Wilson would say that our individual “reality tunnels” formed from our differing contexts, definitions, and assumptions prevent us from understanding each other in a meaningful way. His multi-model approach to thinking argues that these differences can be made into an advantage, however, especially philosophically and magically: so long as we accept that we are not seeing the universe objectively, being willing to intellectually work with multiple frameworks of thought and belief at once, even when they contradict, can provide greater insight into the world at large.
At the same time, it is not a particularly effective strategy for collective problem solving. The pessimistic vision that everyone is similarly wrong dismisses the real value of human experience altogether. When I spoke about Wilson’s methods with an interesting scholar at a bar in Boston several years ago, he dismissed it outright. “Could someone really think with a belief system they don’t actually accept? Wouldn’t someone who simply moves from assumption to assumption completely miss the depth of conviction that someone who, say, dedicates their life to a monastery feels?”
Indeed, the multi-model approach, by necessity, cannot incorporate all models, and is stunted by the presumption that it can. Modes of thinking cannot be worn and discarded like clothing, as they are integrated into the way we exist in the world. The intellect is not some external rational force that can be separated from the rest of the self. Even our systems of presumed-to-be objective logic, all our ifs and thens and causes and effects, are recognizable in the manner in which we experience time. No mind is sharp enough to allow the self to escape itself.
It is for this reason that I deeply enjoy the Fountain Tarot’s vision of the King of Swords:
This court card tends to be seen as an intellectual authority, the Fire of Air, who has mastered his discipline and domain through the power of reason. Here, he is a prism through which the world we know is refracted into separate rays of color; in his presence, it can be understood entirely through him. His body, sword, surroundings, and the ground he stands on are all abstractions born from his presence, a single geometric form. It is for this reason that his rational understanding seems absolute.

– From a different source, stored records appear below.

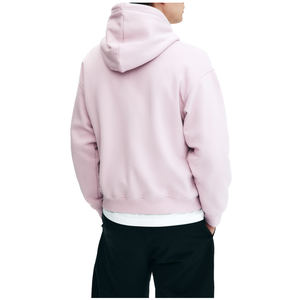 Sweat-shirt à capuche surdimensionné en coton 100% personnalisé avec logo, style streetwear, essentiels graphiques, vente en gros - Product Image 4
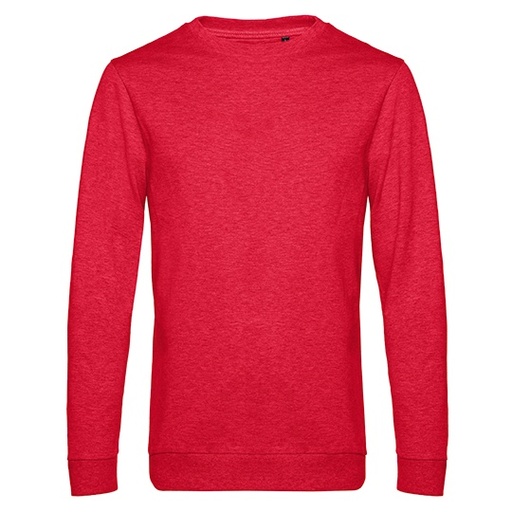 Bluza Dresowa Klasyczna Bawełna Poliester BCWU01W - Heather Red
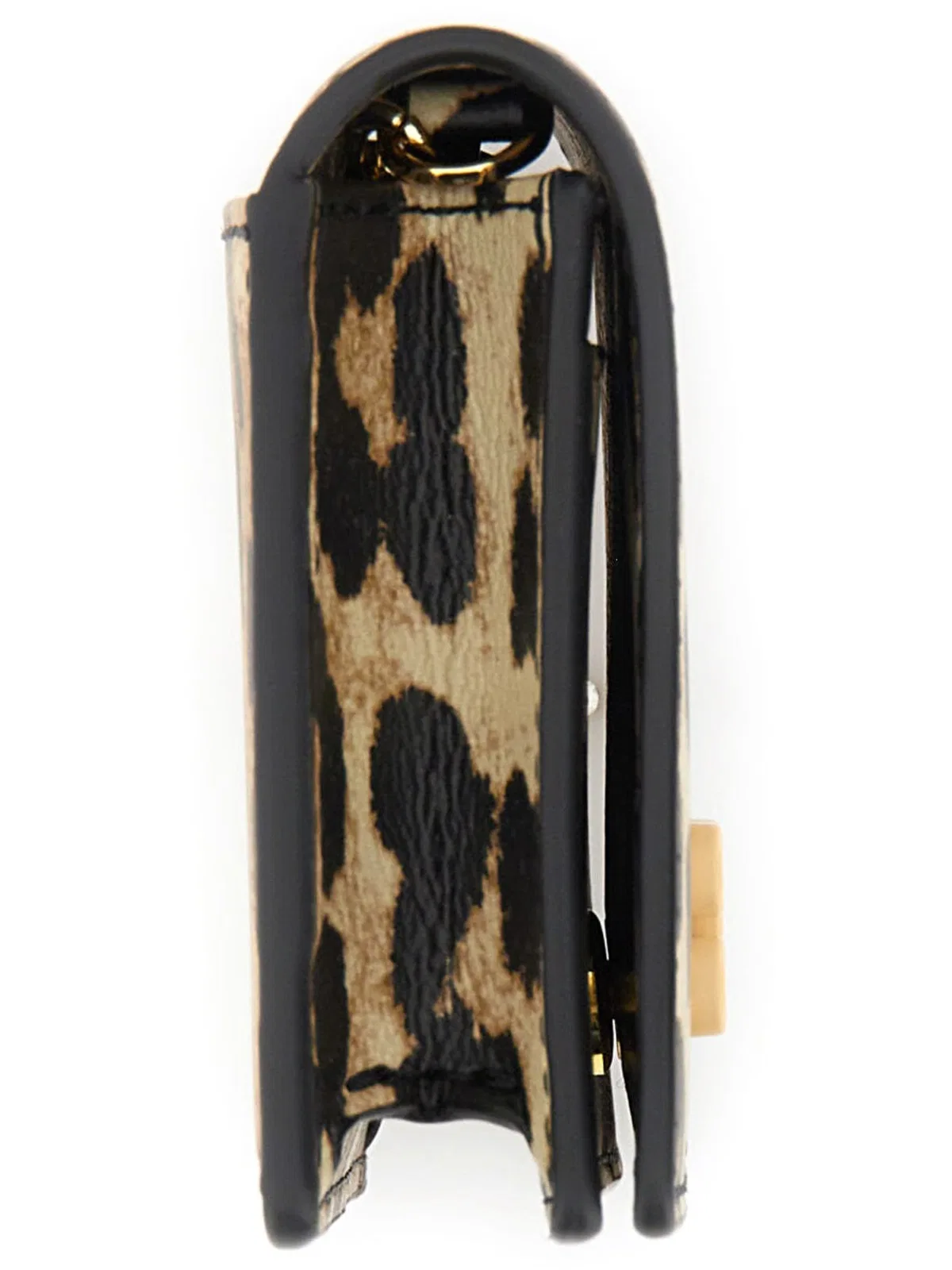 Ganni Bou Leopard Leather Wallet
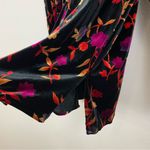 Coldwater Creek  Floral Velvet Button Down Tunic Shirt Size Large Photo 5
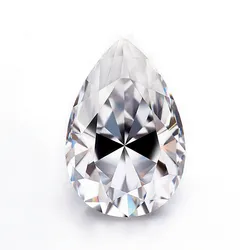 1.72 Ct Pear White J Color VS1 Clarity Loose Moissanite Excellent Cut CVD Diamond Lab Grown Diamond by Ritzin Inc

It is through such a portrayal that we can begin to understand the conviction that often prevents achievement of any kind of intellectual consensus at scale. For all his wisdom, the King of Swords is incapable of knowing a world that is not recontextualized through his experience of it. It is deeply frustrating, especially when the flaws are blatantly visible from outside, that a simple explanation isn’t enough to adjust his mind. To challenge the intellect of someone else is to challenge their memory, their culture, their material conditions, their heart, their body, their desires, their colleagues, their faith. Thoughts are not ephemeral, no matter how much we wish them to be. They are materially us. Our biases are ourselves.
When we dissect the way others think from outside, we can quickly become the King of Swords, coldly dismissing fools for being blatantly incorrect, yet looking down in horrified frustration when they fail to arrive at what we consider to be obvious conclusions. It is only in understanding how difficult it is to change our own minds, and just how much our thoughts are made of, that we can effectively begin to disassemble those machines of suffering which churn ever onward. After all, they’re made of us, too. Perhaps we can use that knowledge to our advantage.